▸ What you should do
All of the data is to be written out again exactly, without the pictures.

▸ Recorded information
********************
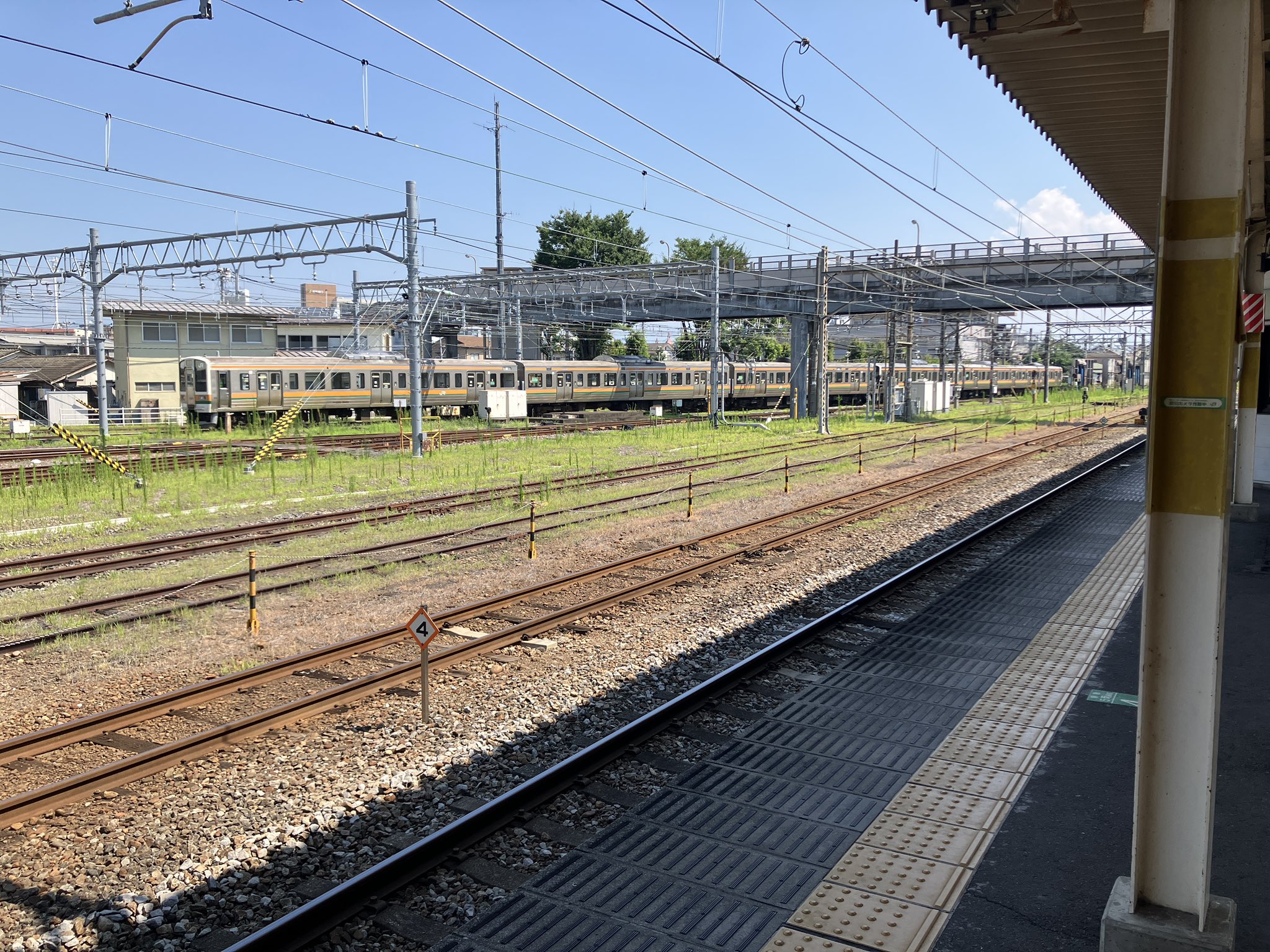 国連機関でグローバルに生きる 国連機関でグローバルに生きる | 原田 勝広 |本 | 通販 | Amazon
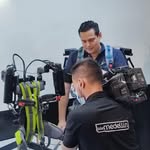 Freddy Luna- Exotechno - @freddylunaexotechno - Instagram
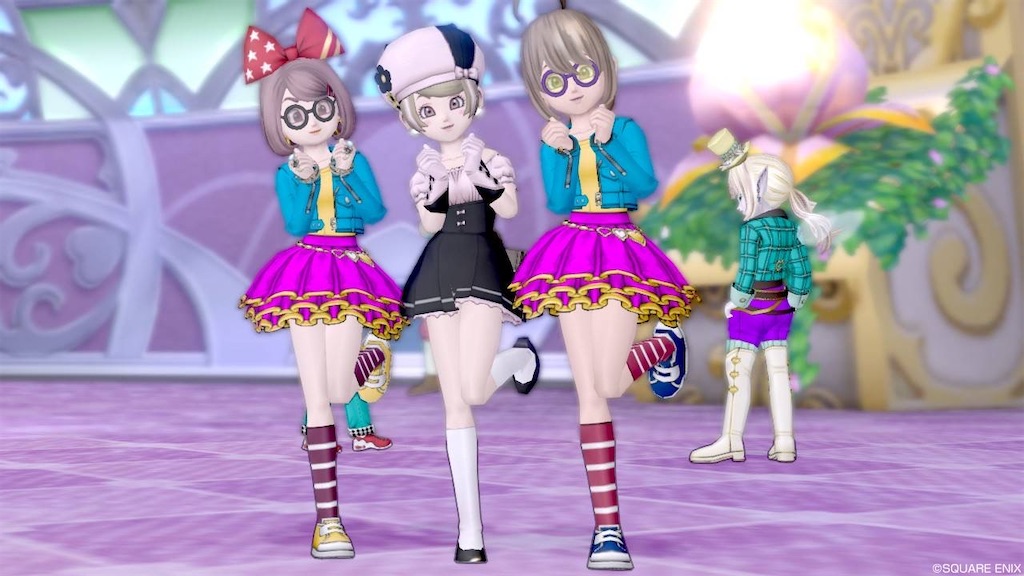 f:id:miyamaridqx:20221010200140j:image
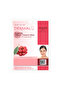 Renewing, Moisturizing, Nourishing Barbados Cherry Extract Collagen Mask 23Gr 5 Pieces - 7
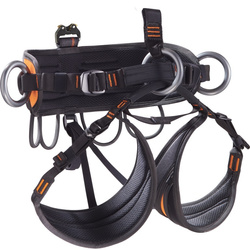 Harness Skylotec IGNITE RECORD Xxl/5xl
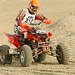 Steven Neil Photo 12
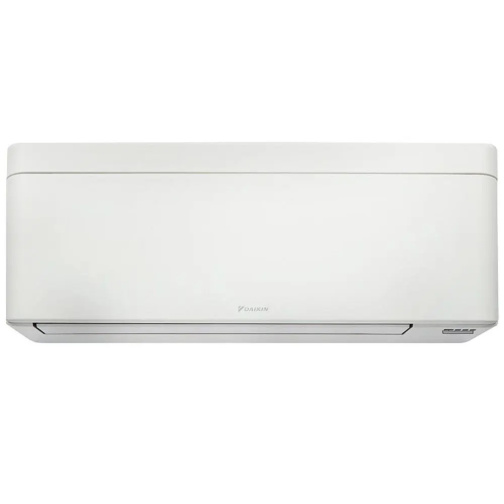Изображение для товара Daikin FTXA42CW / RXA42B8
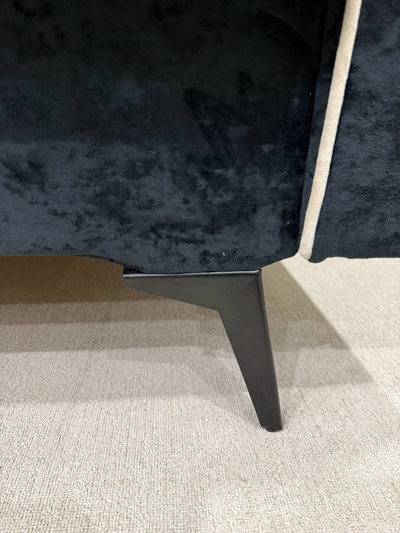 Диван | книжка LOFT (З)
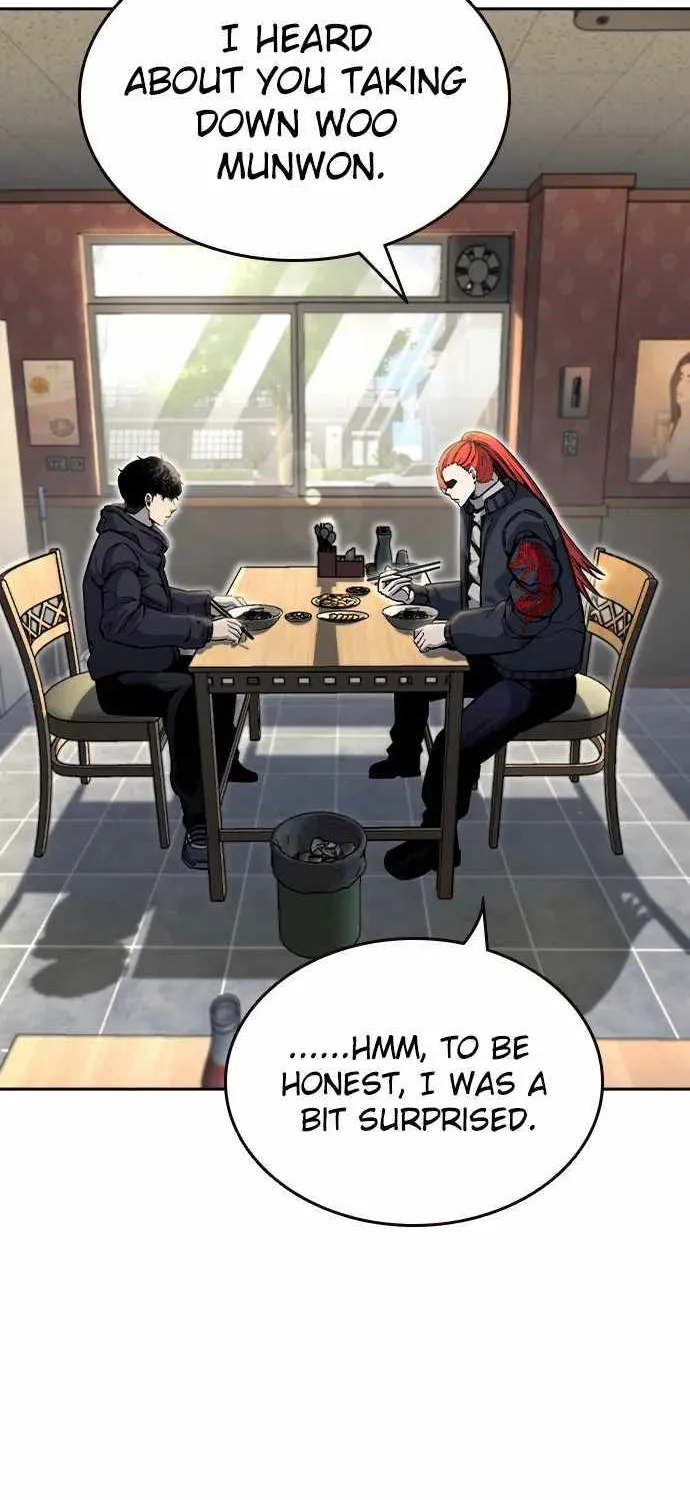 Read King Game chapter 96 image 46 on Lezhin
********************
▸ Solution
 国連機関でグローバルに生きる 国連機関でグローバルに生きる | 原田 勝広 |本 | 通販 | Amazon
 Freddy Luna- Exotechno - @freddylunaexotechno - Instagram
 f:id:miyamaridqx:20221010200140j:image
 Renewing, Moisturizing, Nourishing Barbados Cherry Extract Collagen Mask 23Gr 5 Pieces - 7
 Harness Skylotec IGNITE RECORD Xxl/5xl
 Steven Neil Photo 12
Изображение для товара Daikin FTXA42CW / RXA42B8
 Диван | книжка LOFT (З)
 Read King Game chapter 96 image 46 on Lezhin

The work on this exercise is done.